21 January 2005
3:30pm, Greenberg Room (460-126)

Syntactic Priming in Comprehension

Matt Traxler

University of California, Davis

Syntactic priming is well-established as a source of influence on language production (e.g., Bock, 1986), with stronger effects occuring with lexical overlap between prime and target sentences (Pickering & Cleland, 2003). Much less evidence exists to document similar syntactic priming effects in comprehension. In this talk, I will present the findings from a series of eye-movement monitoring experiments focusing on reduced relative clauses, as in sentence (1):

(1) The defendant examined by the lawyer was unreliable.

The first pair of experiments manipulated lexical overlap, using sentences like (2), in which the critical past participle examined appears in both the prime and target sentence,

(2) The doctor examined by the specialist had a large mole.
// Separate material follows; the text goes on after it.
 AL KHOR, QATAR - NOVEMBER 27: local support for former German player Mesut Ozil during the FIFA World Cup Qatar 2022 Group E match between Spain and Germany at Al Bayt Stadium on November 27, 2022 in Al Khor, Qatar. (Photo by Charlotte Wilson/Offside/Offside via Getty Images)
and (3), in which a different participle appears.

(3) The doctor visited by the specialist had a large mole.

Robust priming effects were observed for pairs like 1 & 2, but not for pairs like 1 & 3. A third experiment used sentences like (4) containing unreduced relative clauses.
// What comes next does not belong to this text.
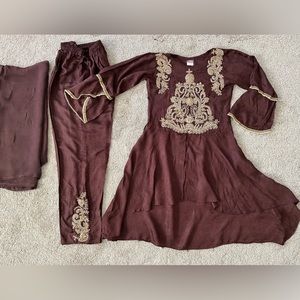 Brown shalwar kameez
(4) The defendant who was examined by the lawyer turned out to be unreliable.

Unreduced relative primes also facilitated processing of sentences like (1).

A further pair of eye-tracking experiments investigated the source(s) of facilitation in syntactic priming. The first experiment tested whether passive constructions with similar local structure in the critical region, but different overall syntactic structure as the target, facilitate processing of reduced-relative targets. This experiment used three types of primes (as in 5-7):

(5) The contestant selected by the judge.... (Reduced Relative) (6) The contestant was selected by the judge... (Passive) (7) The contestant selected the wrong answer... (Main Clause)
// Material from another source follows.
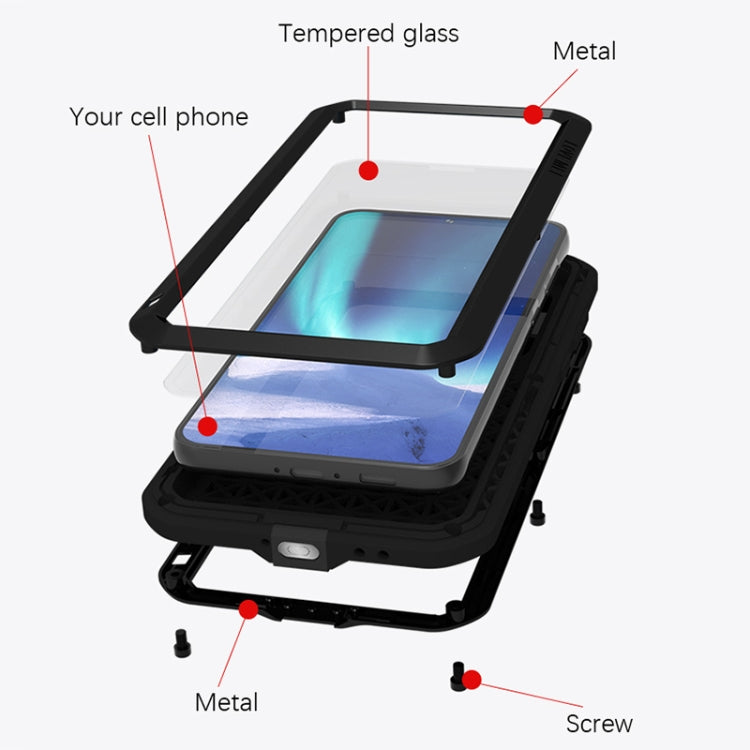 For Samsung Galaxy S23+ 5G LOVE MEI Metal Shockproof Life Waterproof Dustproof Phone Case(Silver)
The results replicated the priming effects for reduced relative primes, and provided some evidence for faciltation resulting from passive primes.

The final experiment tested whether short relatives (like 8) would also prime reduced relative target sentences.

(8) The applicant who was considered had a good track record. (Short Relative)

Three other prime types were also tested, for comparison with previous experiments. The results showed that all three types of relative clause prime sentences facilitated processing of the reduced relative target sentences.

The pattern of results across the full set of experiments indicates that

  1. priming does depend on lexical overlap between primes and targets.
  2. priming does not depend on suppression of preferred structures.
  3. priming does not result from a template-matching process.
  4. priming does not result from low-level repetition priming.
  5. priming does not require explicit presentation of the critical component in the prime sentence.

Thus, the source of priming is most likely in syntactic structures, or possibly verb-argument frames, accessed when the critical repeated past participle is accessed.